Toen Hussein een deadline negeerde om zich terug te trekken uit Koeweit, begonnen de geallieerden een zes weken durende luchtoorlog om Iraakse posities te verzachten voordat ze hen met een 100 uur durende grondoorlog begonnen.

Later in de jaren negentig leidden de Amerikaanse president Bill Clinton en premier Tony Blair hun regeringen terwijl Amerikaanse en Britse troepen met andere NAVO-landen deelnamen aan de interventie van 1999 in de Kosovo-oorlog.

Oorlog tegen terreur

Groot-Brittannië trad ook snel toe tot de Verenigde Staten in de War on Terror na de aanslagen van 9/11 Al-Qaeda op Amerikaanse doelen. Britse troepen voegden zich bij Amerikanen bij de invasie van Afghanistan in november 2001 en de invasie van Irak in 2003.
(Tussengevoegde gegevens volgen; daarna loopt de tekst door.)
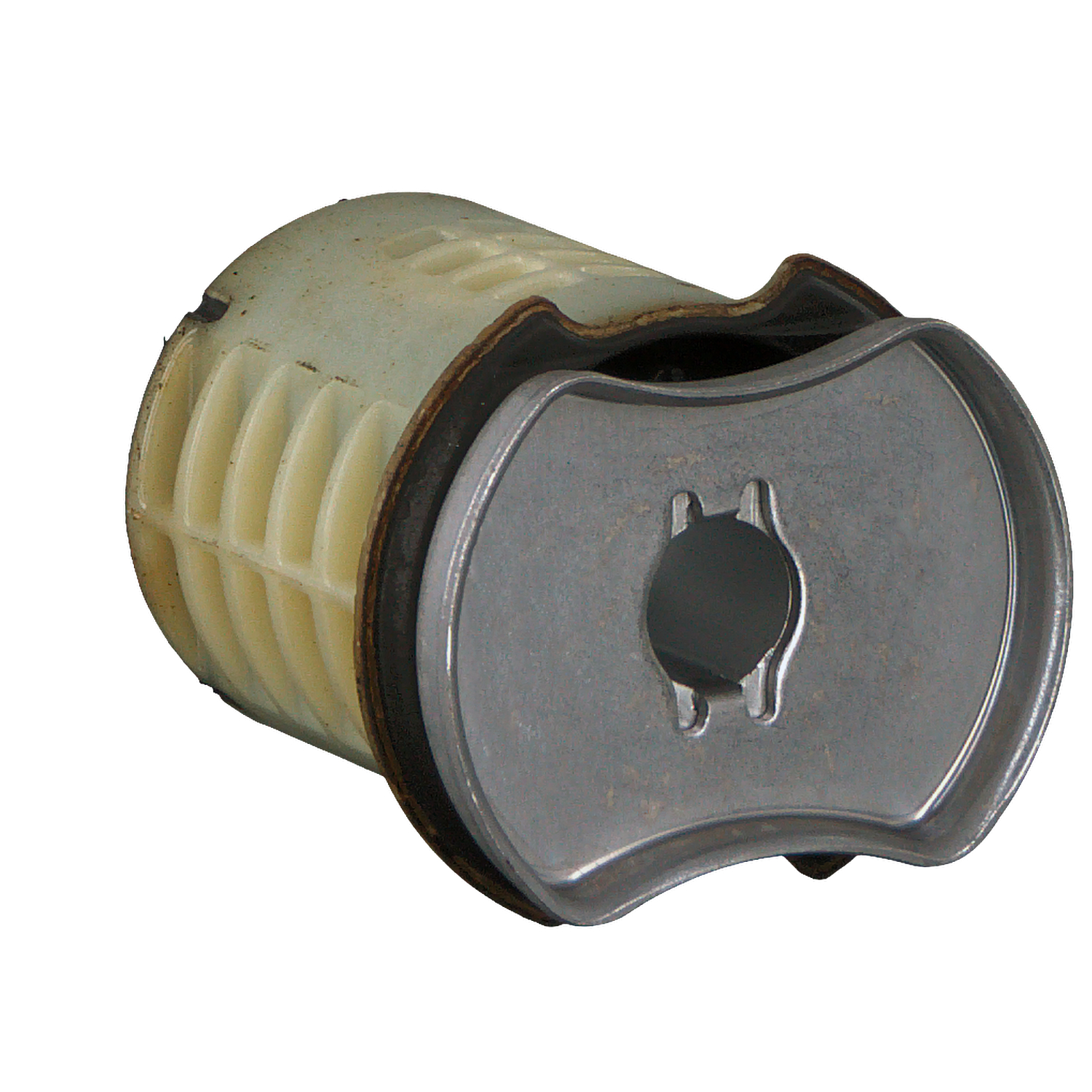 FEBI BILSTEIN 170615 Suport, ax VW T-Roc (A11) 300 CP benzina cat costa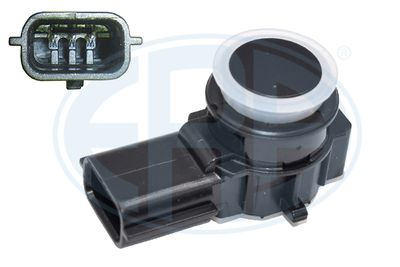 Sensor, parking distance control ERA 566122A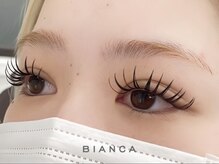 ビアンカソコラ 武蔵小金井クロス店(Bianca SoCoLa)/アンドヘルシーエクステ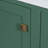 Pantilimon 30'' Single Bathroom Vanity with Ceramic Top-298217201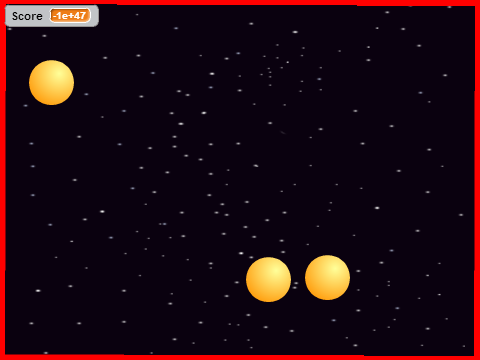 Ball Attack remix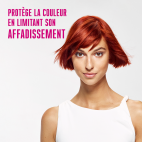 Color Freeze Shampoo 100 ml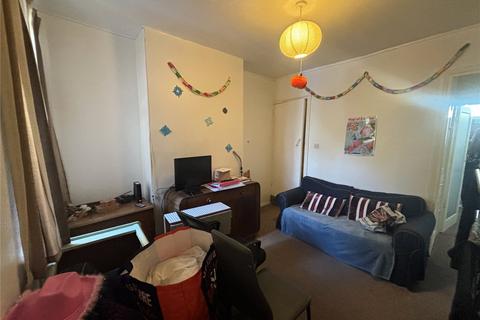 3 bedroom terraced house for sale, Hubert Road, Birmingham, West Midlands, B29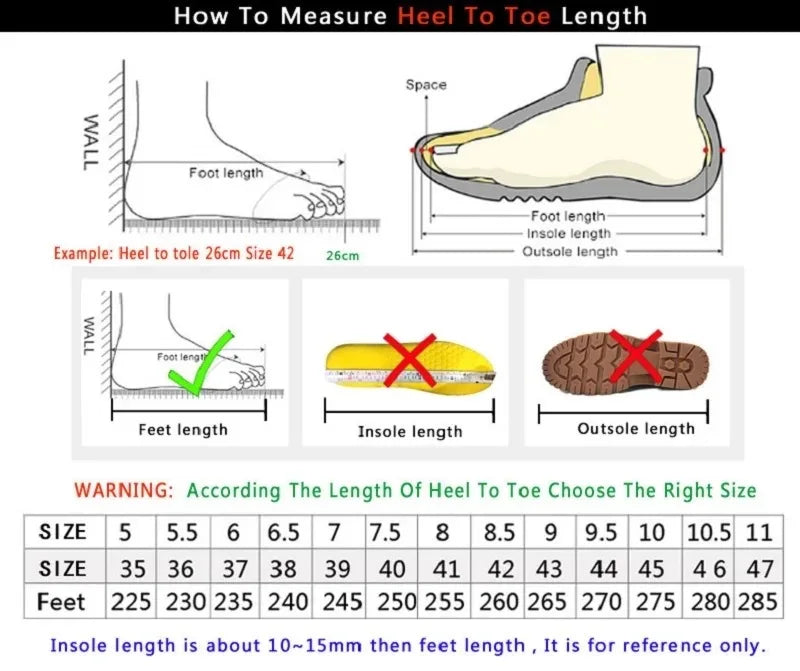 Genuine Leather Men's Shoes Classics Business Dress Shoes Moccasins Slip on Loafers Driving Shoes for Men Casual Shoe Big SIze48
Britse troepen behandelden de bezetting van Zuid-Irak met een basis in de havenstad Basra. Blair, die geconfronteerd werd met toenemende aanklachten dat hij gewoon een marionet was van de Amerikaanse president George W. Bush, kondigde in 2007 een vermindering van de Britse aanwezigheid rond Basra aan. In 2009 kondigde Blair's opvolger Gordon Brown een einde aan de Britse betrokkenheid bij Irak aan Oorlog.